Task goal. Copy out all the lines of the data precisely, omitting any pictures.

Stored data.
Segment Open
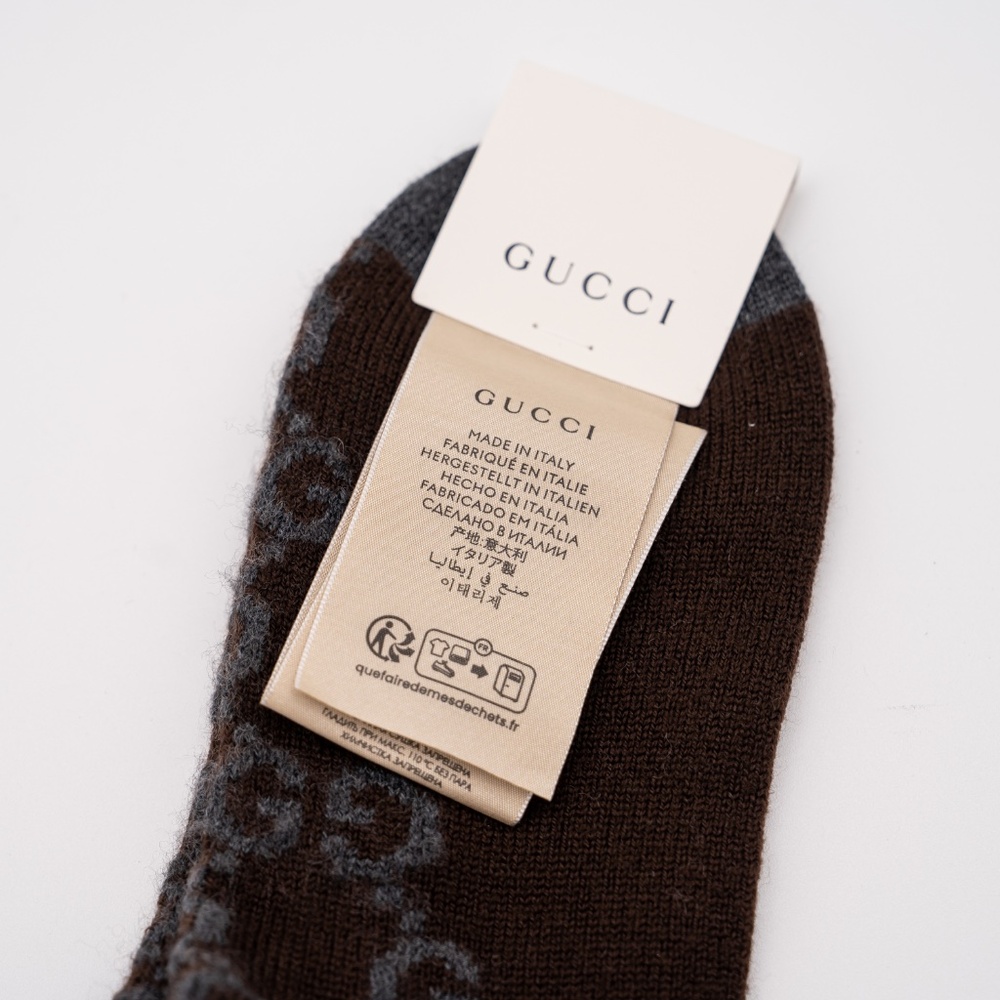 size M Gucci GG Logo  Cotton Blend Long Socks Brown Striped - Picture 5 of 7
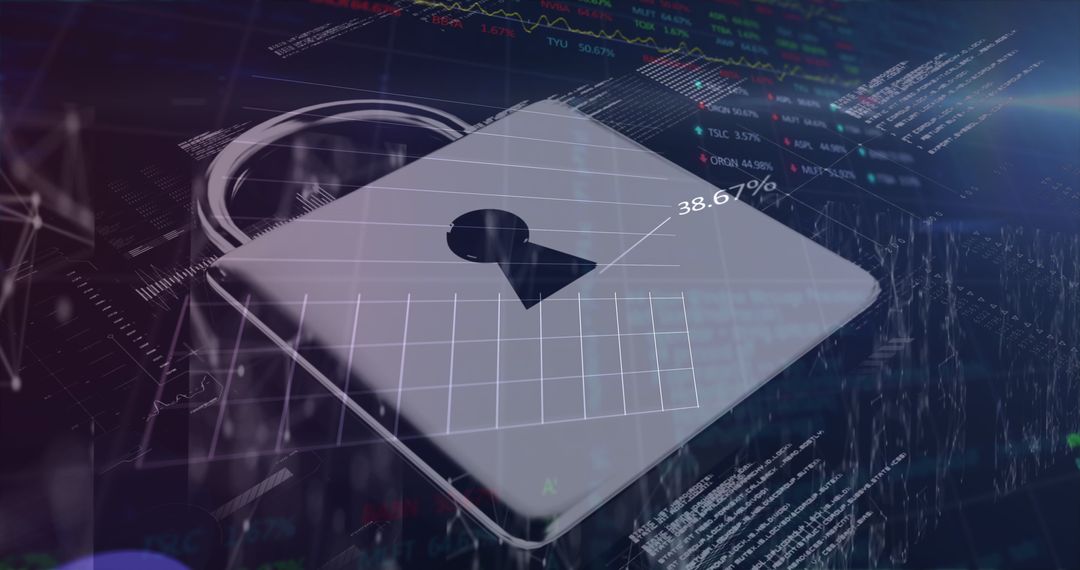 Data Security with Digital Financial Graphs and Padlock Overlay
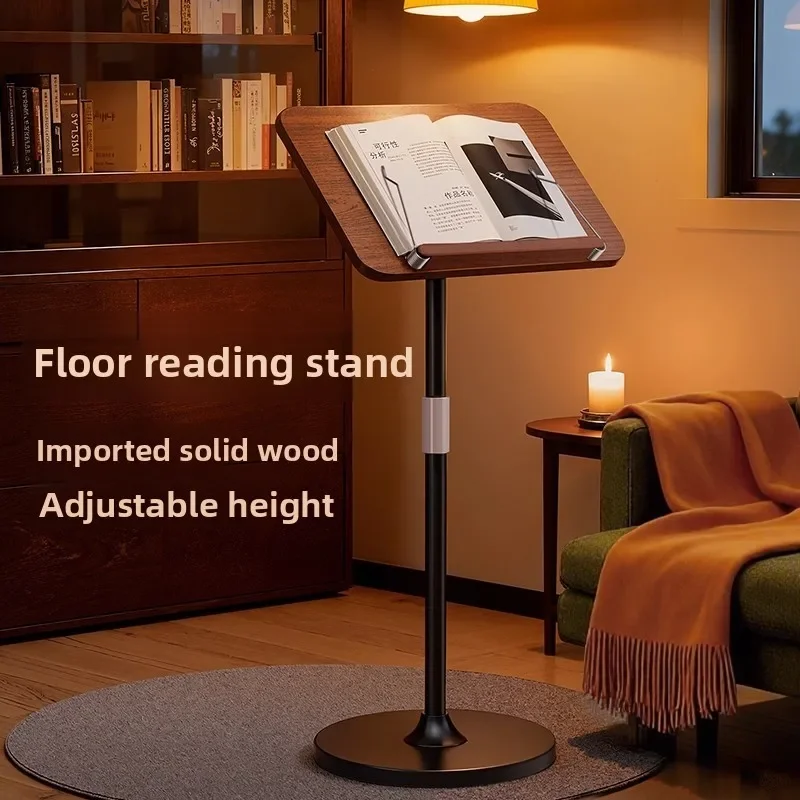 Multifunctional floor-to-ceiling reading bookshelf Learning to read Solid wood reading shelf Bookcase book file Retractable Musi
Segment Closed
Answer below.
 size M Gucci GG Logo  Cotton Blend Long Socks Brown Striped - Picture 5 of 7
 Data Security with Digital Financial Graphs and Padlock Overlay
 Multifunctional floor-to-ceiling reading bookshelf Learning to read Solid wood reading shelf Bookcase book file Retractable Musi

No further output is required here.